[WIP] Pagination #806

honzakral · 2018-01-03T01:42:48Z

implementing #802

meliyahu · 2019-12-04T00:38:16Z

When is the pagination branch going to be merged to master and upgrade elasticsearch-dsl from 7.1.0 to say 7.1.1?? I am currently using elasticsearch-dsl==7.1.0 which does not have the pagination feature and I need it badly. Please merge!

ptramsey · 2019-12-11T00:46:18Z

I also would love to see this landed. This is a feature we'd like to use.

StefanYohansson · 2020-09-14T20:54:45Z

@honzakral is it WIP since 2018 or is it ready waiting for something? there's something left to do on it? maybe I can help if it is the case.

I really love to see this feature around.

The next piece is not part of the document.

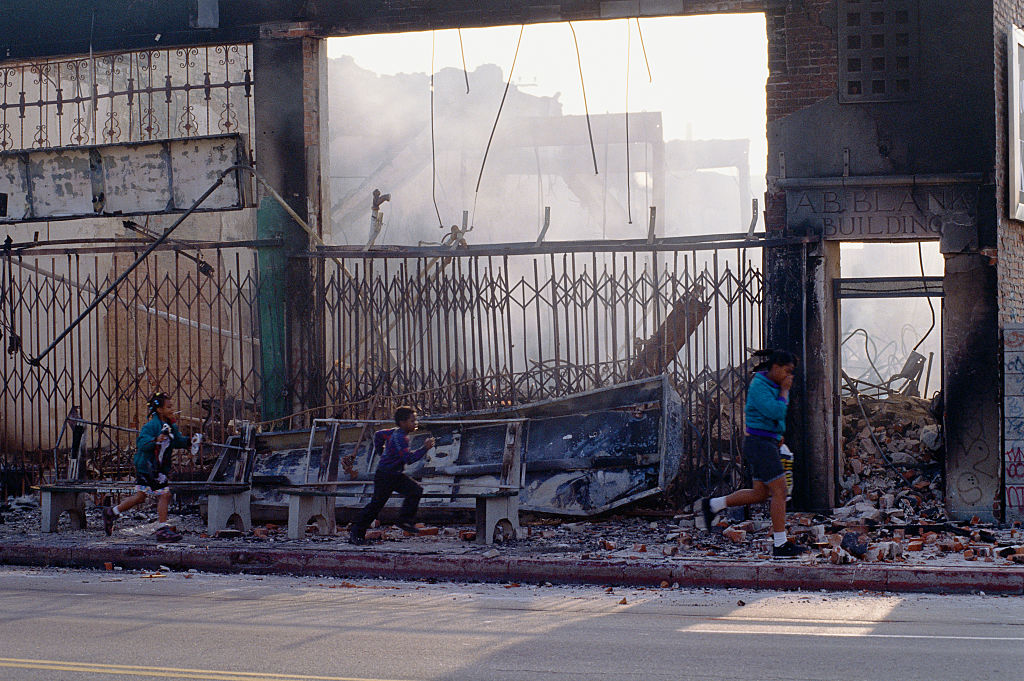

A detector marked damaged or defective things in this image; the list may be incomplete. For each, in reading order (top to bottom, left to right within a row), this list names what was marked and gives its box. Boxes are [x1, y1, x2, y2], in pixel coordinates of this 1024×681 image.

ian-axelrod · 2021-02-02T18:21:00Z

Any updates on this?

RRGTHWAR · 2021-12-22T20:57:58Z

If anyone else, like me, is waiting with bated breath for a pagination feature, here's what I believe is a working solution in the meantime (I haven't thoroughly tested it, but I haven't found any problems yet). This is a slight expansion on the code in 806 and adds some functionality to the get_page function, allowing it to select the best option among starting from the beginning of the search, starting from the end, or starting from the user-provided values from the current page. If the target page is more than 10,000 results away from the closest reference page, this function will page through the intermediate results 10,000 at a time until it gets within 10,000, then go through the remaining intermediate results, and finally grab the target page. It's not a perfect solution and it might be problematic with paging through the middle of very large result sets, but short of that I think it will do pretty well.

Code here

def _reverse_sort_entry(self, sort_entry):
    # "field"
    if isinstance(sort_entry, string_types):
        if sort_entry == '_score':
            return {'_score': 'asc'}
        return {sort_entry: 'desc'}

    f, sort_entry = sort_entry.copy().popitem()
    # {"field": "asc/desc"}
    if isinstance(sort_entry, string_types):
        return {f: 'asc' if sort_entry == 'desc' else 'desc'}

    # {"field": {"order": "asc/desc"}}
    sort_entry = sort_entry.copy()
    sort_entry['order'] = 'asc' if sort_entry['order'] == 'desc' else 'desc'
    return {f: sort_entry}

def get_page_count(self, size=None):
    size = size if size is not None else self._extra.get("size", 10)
    if size == 0:
        return 0
    pages, docs_left = divmod(self.count(), size)
    if docs_left:
        pages += 1
    return pages

def get_sort_vals(self, hit, sorters):
    """Helper function to extract the sorter values from a hit

    :param hit: An elasticsearch hit
    :type hit: Hit
    :param sorters: A list of the properties used to sort the search
    :type sorters: List
    :return: A list of the hit's relevant values
    :rtype: List
    """
    hit = hit.to_dict()
    hit_vals = []
    for val in sorters:
        if isinstance(val, dict):
            for k in val.keys():
                if k.endswith('.keyword'):
                    val = k[:-8]
                else:
                    val = k
        elif val.endswith('.keyword'):
            val = val[:-8]
        hit_vals.append(hit.get(val))
    return hit_vals

def get_page(self, page_no, size=None, current_page=0, first_row=None, last_row=None):
    if page_no == 0:
        raise ValueError("Search pagination is 1-based.")
    size = size if size is not None else self._extra.get("size", 10)
    s = self._clone()
    if 'id' not in s._sort:
        s._sort.append('id')

    if page_no * size <= 10000:
        s._extra["from"] = size * (page_no - 1)
        s._extra["size"] = size
        resp = s.execute()
        return resp

    total_pages = s.get_page_count(size=size)
    if page_no < 0:
        neg_page_no = page_no
    else:
        neg_page_no = page_no - total_pages - 1
    if ((page_no > total_pages / 2) or page_no < 0)and abs(neg_page_no) * size <= 10000:
        last_page_size = s.count() % size
        if neg_page_no == -1:
            s._extra["from"] = 0
            s._extra["size"] = last_page_size
        else:
            s._extra["from"] = last_page_size + (size * (abs(neg_page_no) - 2))
            s._extra["size"] = size
        s._sort = [s._reverse_sort_entry(se) for se in s._sort]
        resp = s.execute()
        # reverse the hits in the page when pagination from back
        resp['hits']['hits'] = resp.to_dict()['hits']['hits'][::-1]
        return resp

    jump_from_end = total_pages - page_no
    jump_from_current = abs(page_no - current_page)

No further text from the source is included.